What is required
In the listing below, the answer starts at the line that has "Yoğun Sis Kazaları Beraberinde Getirdi" and stops after the line that has "ご飯が進むもちもち蓮根団子-レシピのメイン写真"; please repeat that part exactly and nothing more.

Excerpted records
•••••
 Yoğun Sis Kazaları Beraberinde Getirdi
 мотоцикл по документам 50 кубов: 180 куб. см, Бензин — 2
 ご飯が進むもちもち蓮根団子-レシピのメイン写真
•••••
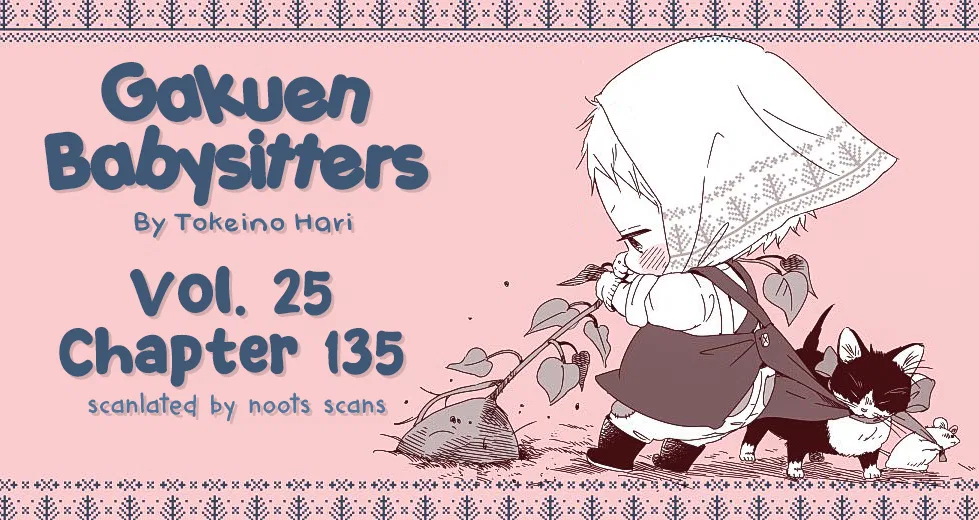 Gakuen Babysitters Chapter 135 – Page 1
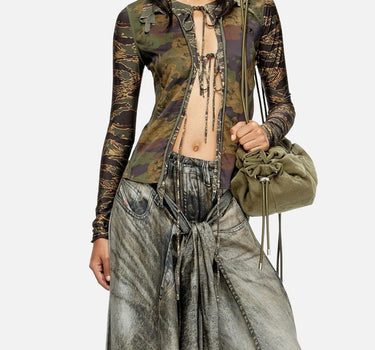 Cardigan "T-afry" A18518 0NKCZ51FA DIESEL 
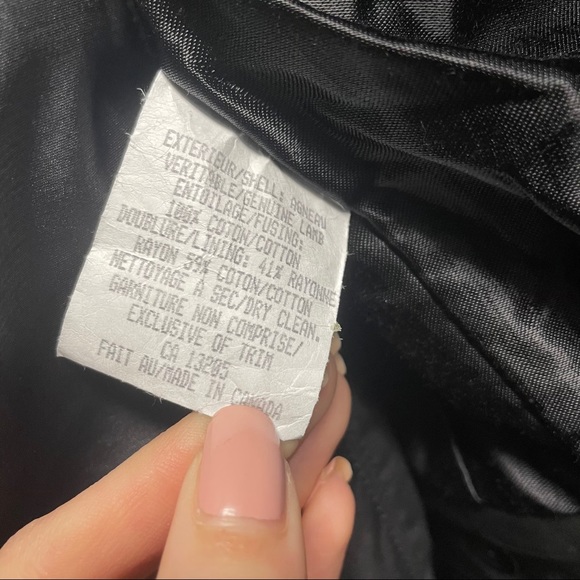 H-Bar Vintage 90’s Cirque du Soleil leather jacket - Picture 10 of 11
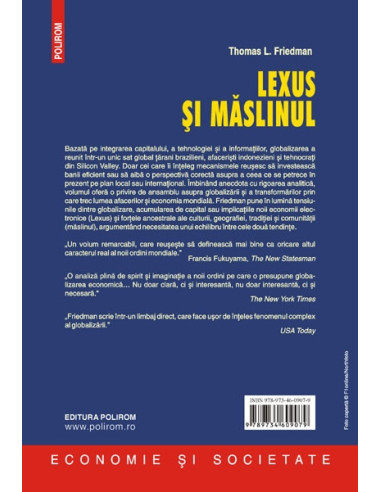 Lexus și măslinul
•••••
Task response
 Yoğun Sis Kazaları Beraberinde Getirdi
 мотоцикл по документам 50 кубов: 180 куб. см, Бензин — 2
 ご飯が進むもちもち蓮根団子-レシピのメイン写真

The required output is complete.